Siyaset hayatın olmazsa olmazıdır. Birileri bu işi profesyonelce yapmalı. Kendisini, partisini, yaptıklarını, yapacaklarını, vizyonunu, misyonunu hangi yol ile olursa olsun, gidip anlatsın. Vatandaş da seçenekler arasında uygun gördüğüne gidip oyunu versin. Başta kaybeden olmak üzere sandıktan kim çıkarsa, herkes o partiyi tebrik etsin. 

Kim hükümet olmuşsa görevini yapsın. Seçmen kime hükümeti denetleme görevi vermişse, o da eleştiri ve öneri görevini yerine getirsin. Kazanan ve kaybedeni seçen seçmen de işine gücüne dağılsın. Bir beş sene kendi işine yoğunlaşsın. İktidar ve muhalefet olması gerekenin en iyisini, vatandaş da kendi işini en iyi yapsın. Yani herkes işine. Evli evine, köylü köyüne.

Beş yıl boyunca siyasetçiler dışında kimse bir şey demeyecek mi?
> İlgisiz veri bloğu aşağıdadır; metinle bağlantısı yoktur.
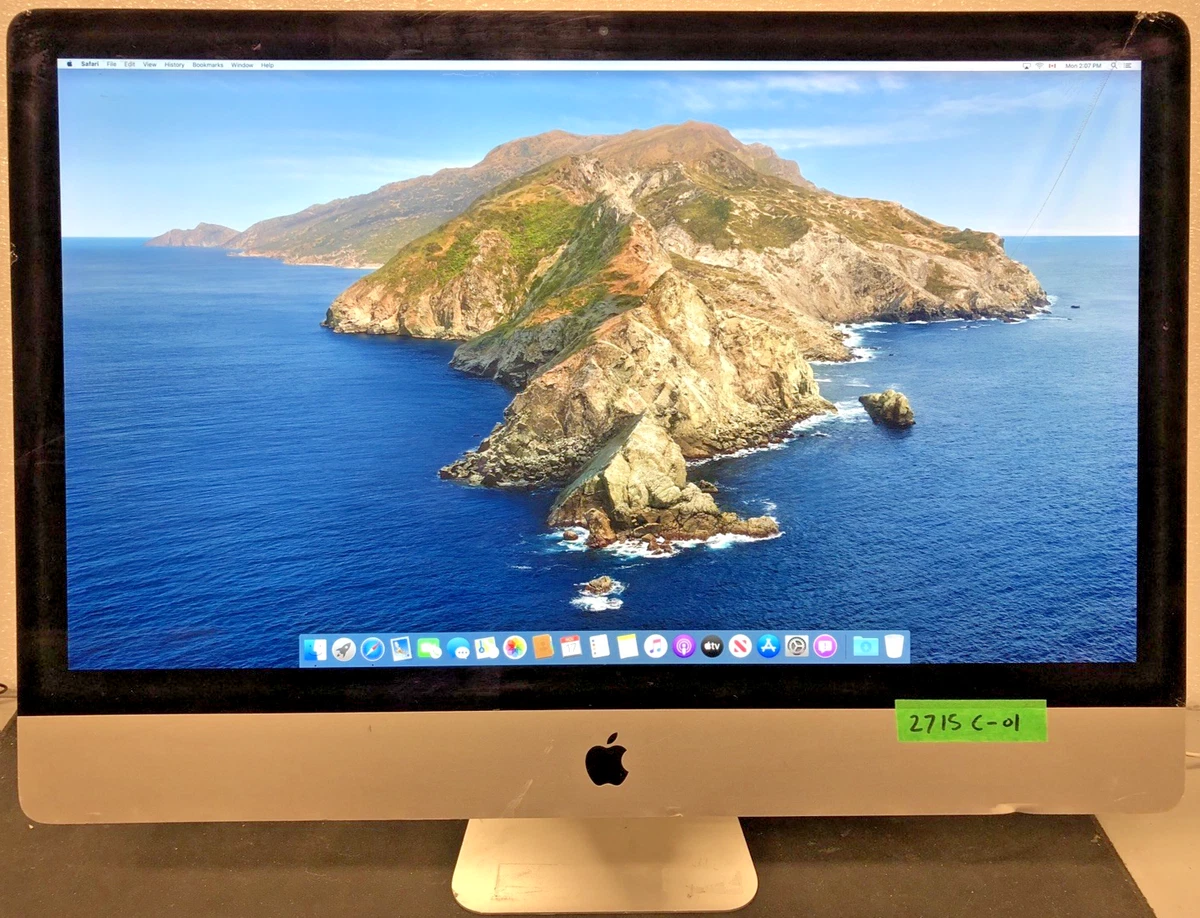 iMac 27 Inch i7 All-In-One Computers for sale | eBay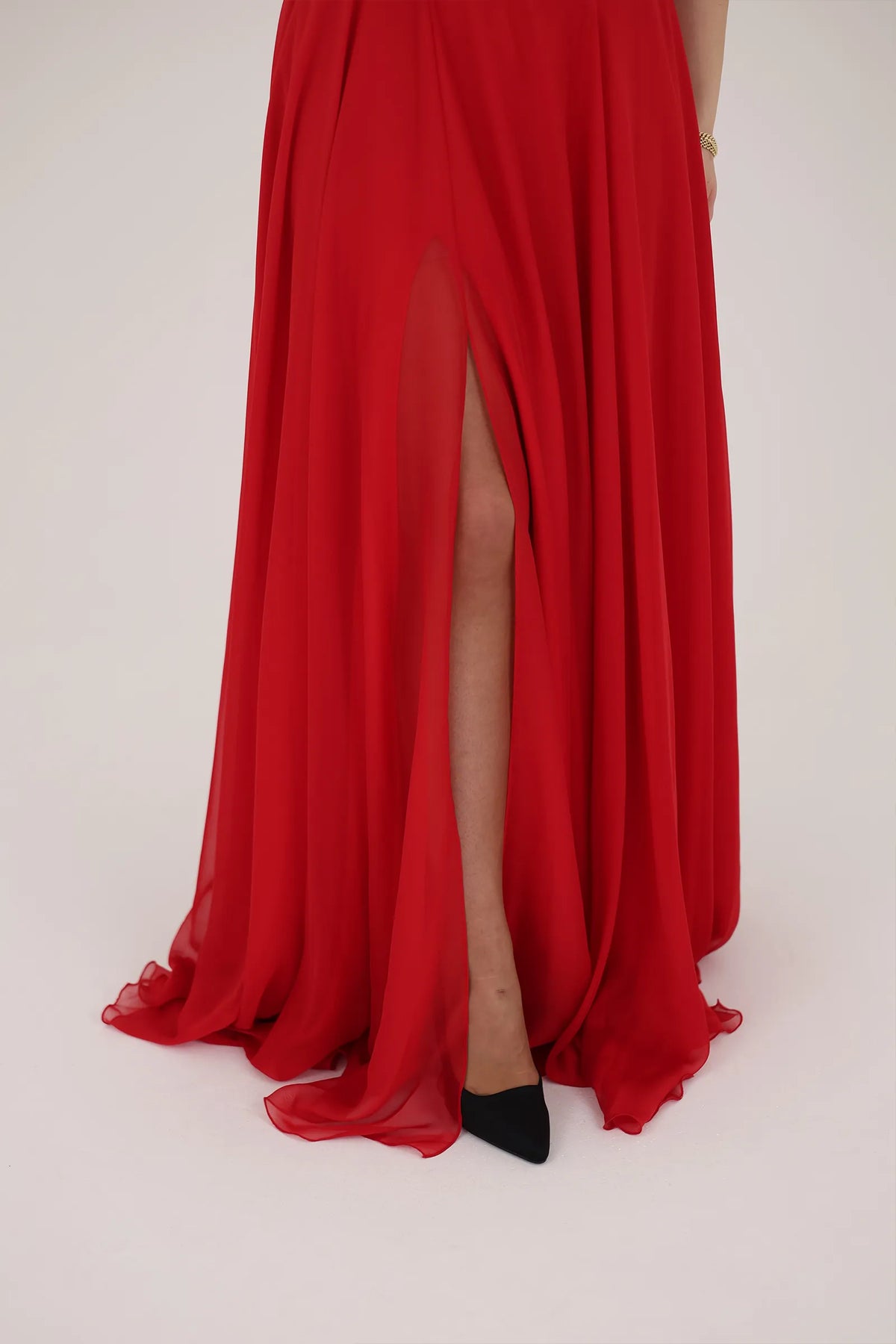 Fustan evening gown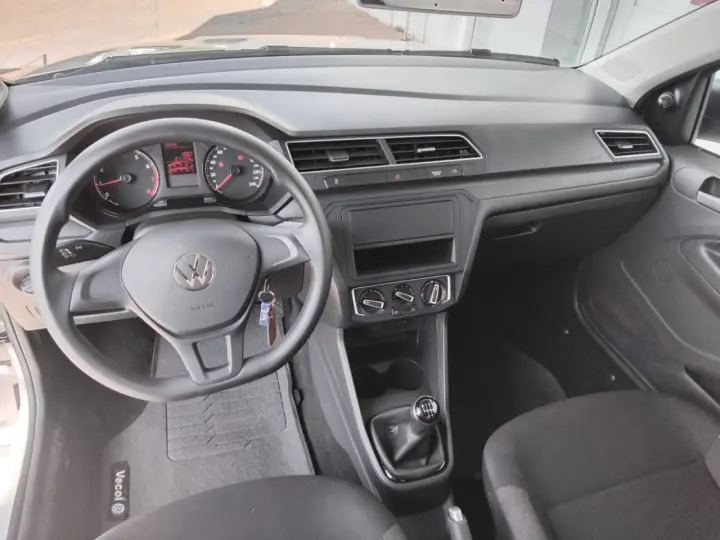 Saveiro 1.6 FLEX MSI ROBUST CABINE SIMPLES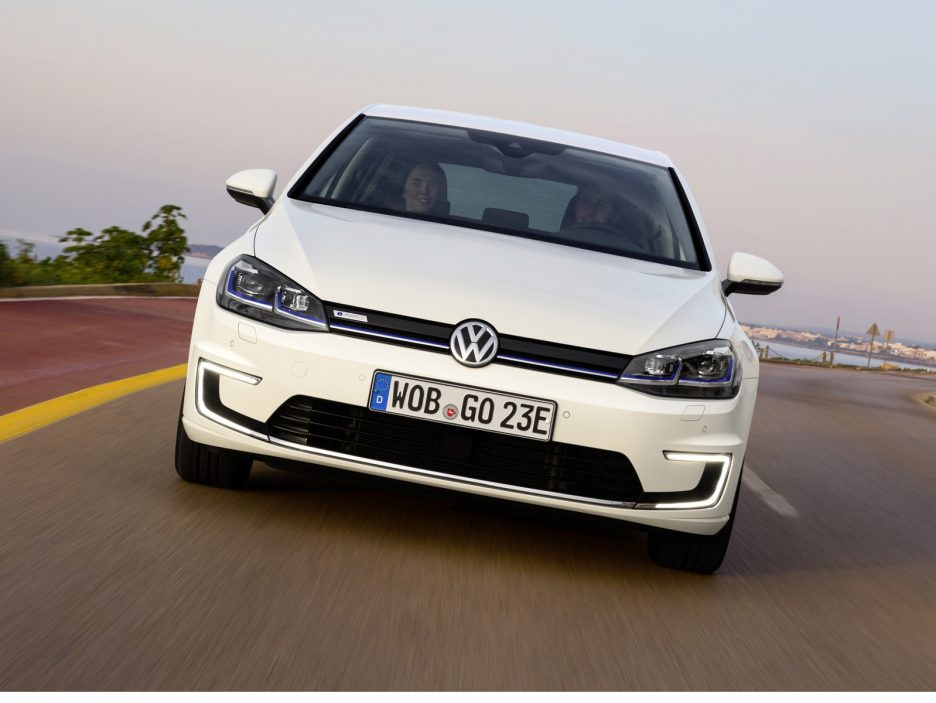 Volkswagen e-Golf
Yerinde, zamanında ve kıvamında söylenir. İcraatlarından dolayı iktidar övülür, yerilir ve önerilerle yol gösterilir. Aynı şekilde muhalefete de görevini yapması için öneriler sunulur, söz ve eylemleri eleştirilir.

Buraya kadar yazdıklarım, siyaset adına olması gerekendir.

Bunun ötesi yani sandıkta son sözü söyleyen ve hakemlik görevini yerine getiren seçmenin beş yıl boyunca sabah akşam siyaset yapması, iktidarı akşam sabah övmesi veya eleştirmesi ya da muhalefeti sabah akşam övmesi veya yermesi bana garip geliyor. Maalesef durumumuz bu. Bu yaptığımızı boş ve avare insanların beyhude meşguliyeti olarak görürüm. İşimiz olsa böyle yapmayız. Bir toplumun yediden yetmişe bu şekil siyasete angaje olmasını ve asılmasını inanın, sağlıklı görmüyorum. 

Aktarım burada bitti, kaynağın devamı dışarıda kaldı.